Could you set down only the lines from the one including "NISSAN KICKS 2019 - 3N1CP5CUXKL558466" to the end of the records below, inclusive and exact, leaving pictures out?

Image-caption web data:
#####

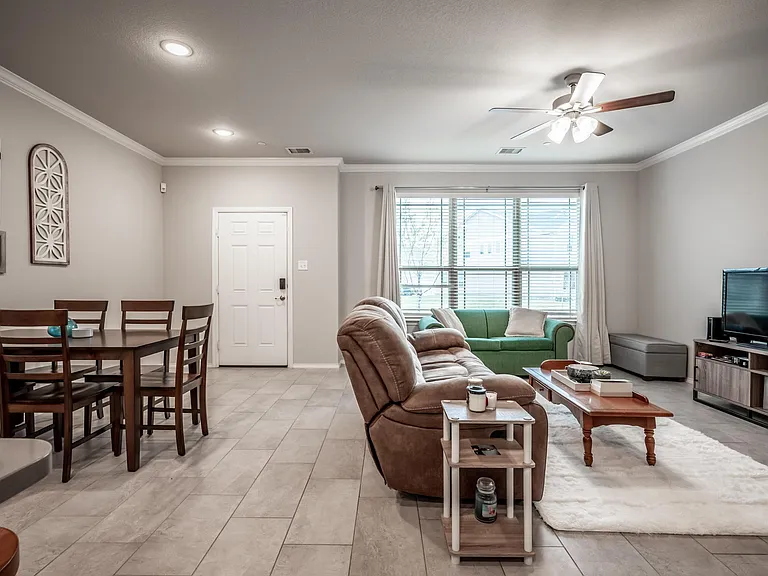 2204 Greystone Dr — Photo 5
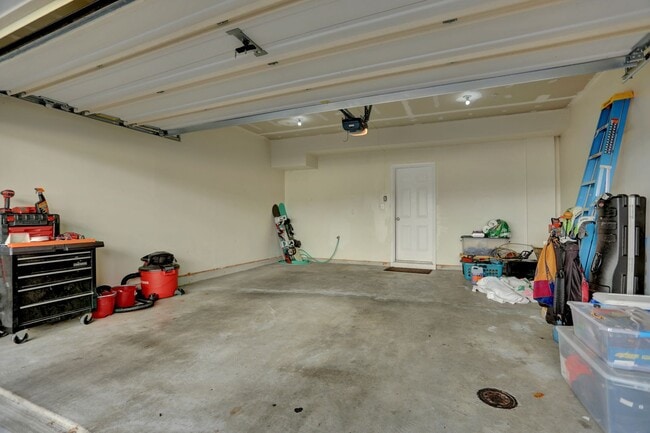 Building Photo - 115 Tanglewood Manor Dr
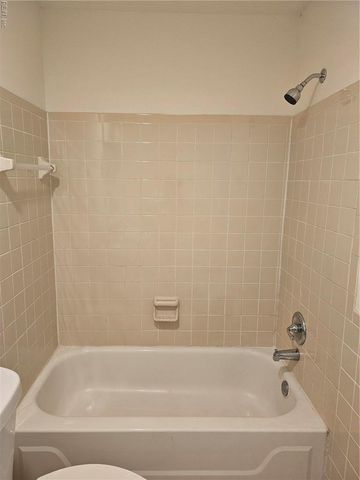 304 Boerum CT, Virginia Beach, VA 23452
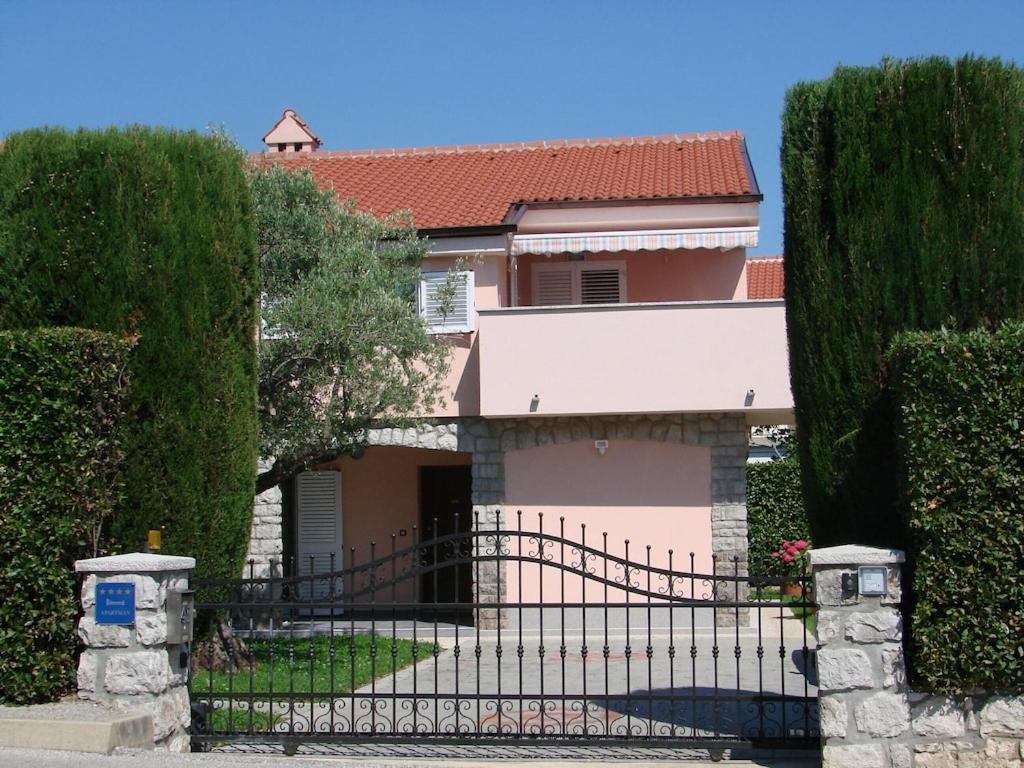 Premium Apartment Near Center And Beach With Parking Krk Town Eksteriør billede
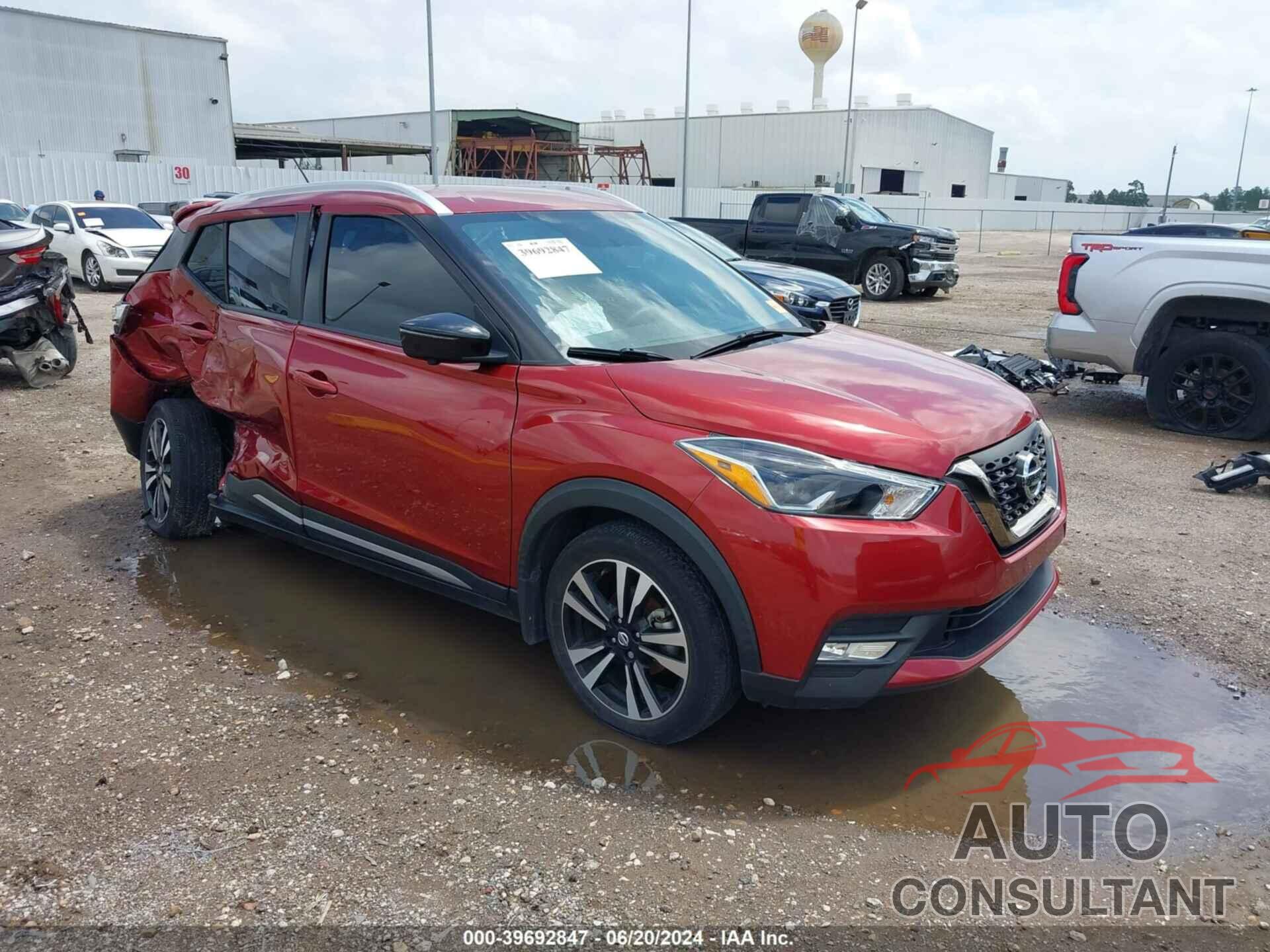 NISSAN KICKS 2019 - 3N1CP5CUXKL558466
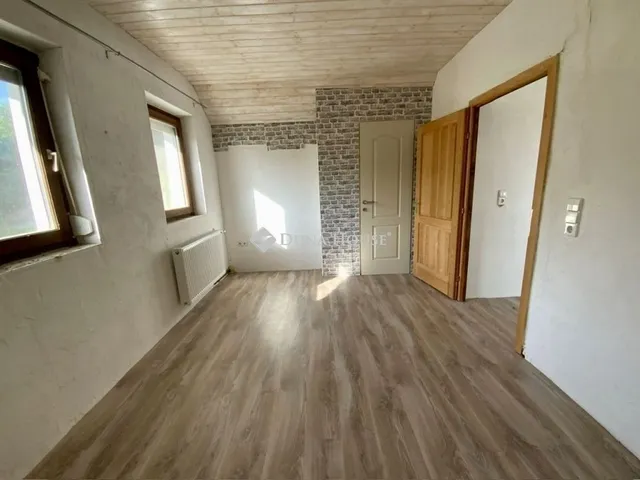 Eladó ház Mecseknádasd 132 nm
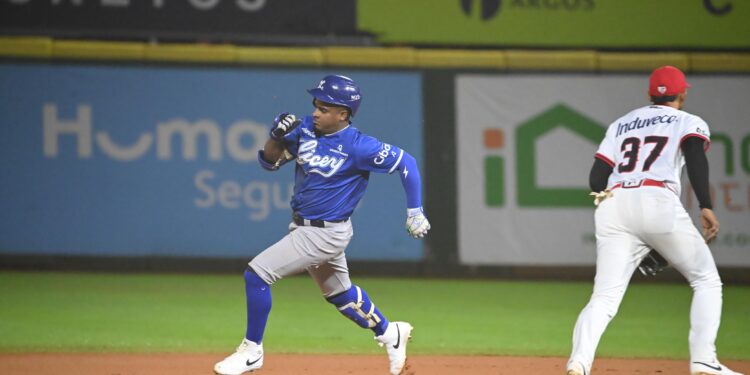 Licey vence 4-2 al Escogido con ofensiva repartida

#####

Problem solution ▸
 NISSAN KICKS 2019 - 3N1CP5CUXKL558466
 Eladó ház Mecseknádasd 132 nm
 Licey vence 4-2 al Escogido con ofensiva repartida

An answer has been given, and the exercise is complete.